What integrals in 2D plane and 3D space represent?

Question

We know that if a real valued function $f$ is continuous over an interval $[a,b]$ then the following integral $$\int_a^bf(x)dx$$ represents the area between horizontally the line $y=0$ and the curve of $f$, vertically between the lines $x=a$ and $x=b$. So what represent the following $$\int_{[a,b]\times [c,d]}g(x,y)dxdy$$ and $$\int_{[a,b]\times [c,d]\times [e,f]}h(x,y,z)dxdydz$$ where $g$ and $h$ are two continuous real valued 2d and 3d functions. Thanks

Answer 1

The double integral, represents the sum of the infinite areas under the curves $g(x,y)$ with $x=constant$ defined as: $$A(y)=\int{g(x,y)\,dx}$$ each one between $y$ and $y+dy$, which gives you a volume. (see Fubini 's explanation)

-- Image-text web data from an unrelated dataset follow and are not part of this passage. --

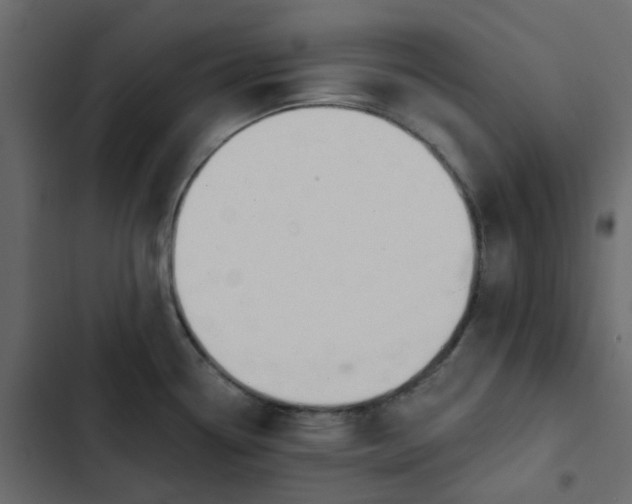 X0000102851338200809021352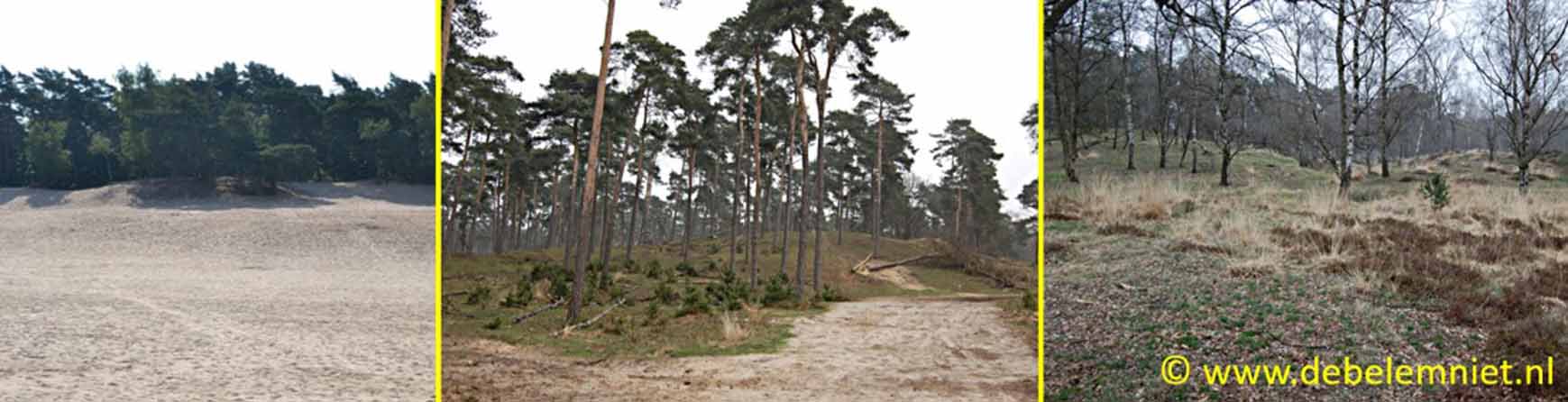 voormalig stuifzandgebied Kampina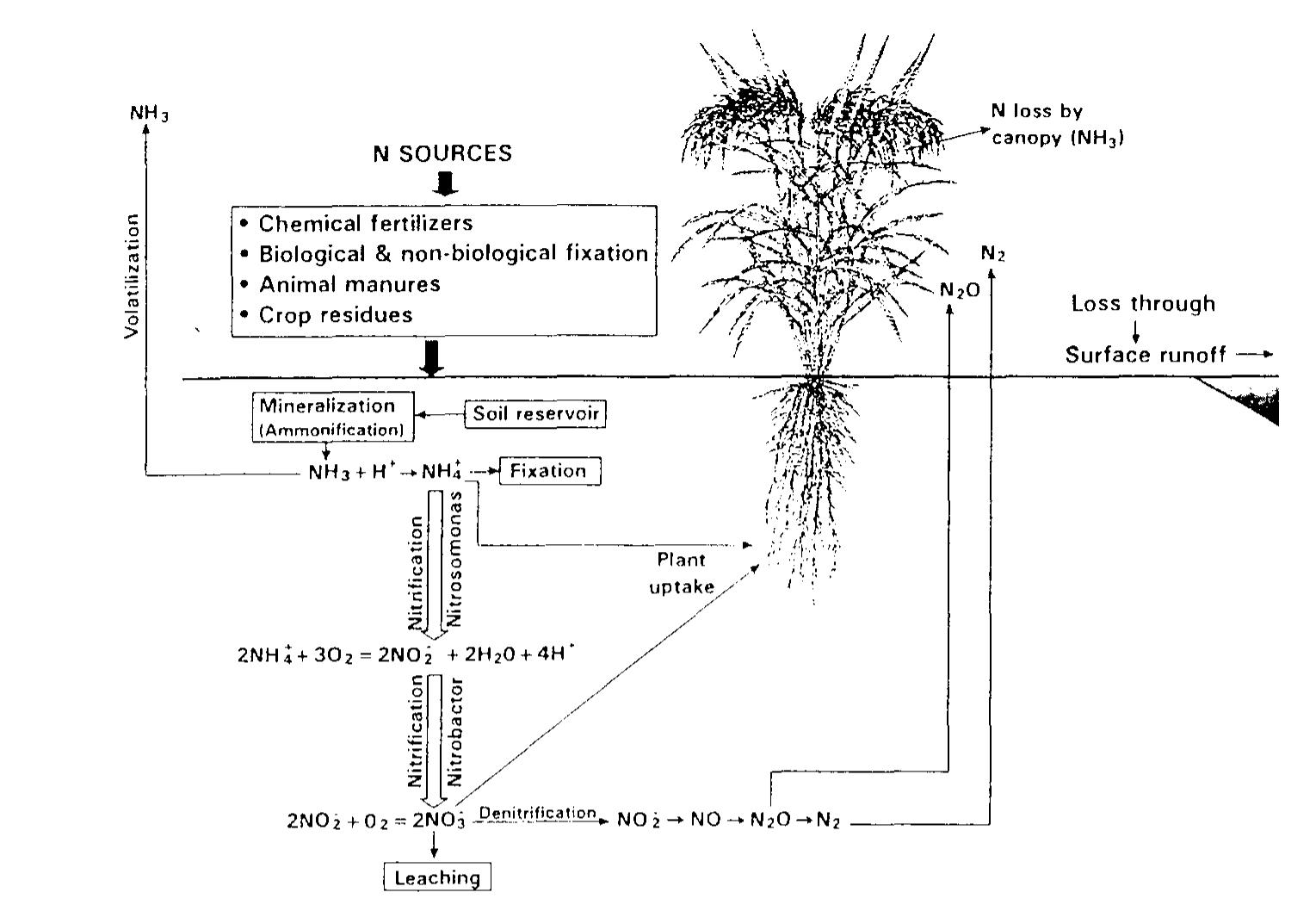 Ladha Ricce (PDF) Enhancing Nitrogen Use Efficiency in Crop Plants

The last integral gives you the infinite sum of volumes $V(z)$ defined as $$V(z)=\int\int{h(x,y,z)\,dxdy}$$ which gives you a hypervolume.

Imagine that if the function $h$ is a sphere the number $\int V(z) \,dz$ will be the sum of all the volumes of the infinite spheres of radius $z$ between the integration interval $[z_1,z_2]$

Answer 2

Two-variable integrations refer to the volume enclosed by the surface, the $xy$-plane and the planes perpendicular to $xy$-plane passing through $x=a$ to $x=b$, and $y=c$ to $y=d$, in the case of:

$$\int_{y=c}^{y=d}\int_{x=a}^{x=b}{g(x,y)dxdy}$$

Going by analogy, the three-variable integrations refer to the hypervolume, or the 4D analog of our usual 3D volume. This is difficult to visualize for human beings as we are only capable of interacting and understanding a 4D world. However, as the volume in the previous case is considered to be enclosed by plane surfaces, the hypervolume may be described as being enclosed by 3D surfaces.

We may consider

$$\int_{z=e}^{z=f}\int_{y=c}^{y=d}\int_{x=a}^{x=b}{h(x,y,z)dxdydz}$$

as the hypervolume enclosed between:

1. The $xyz$-space at $w=0$
2. The 4D curve $w=h(x,y,z)$
3. The $yzw$-spaces at $x=a$ and $x=b$
4. The $xzw$-spaces at $y=c$ and $y=d$
5. The $xyw$-spaces at $z=e$ and $z=f$

Answer 3

karimath, I may contribute.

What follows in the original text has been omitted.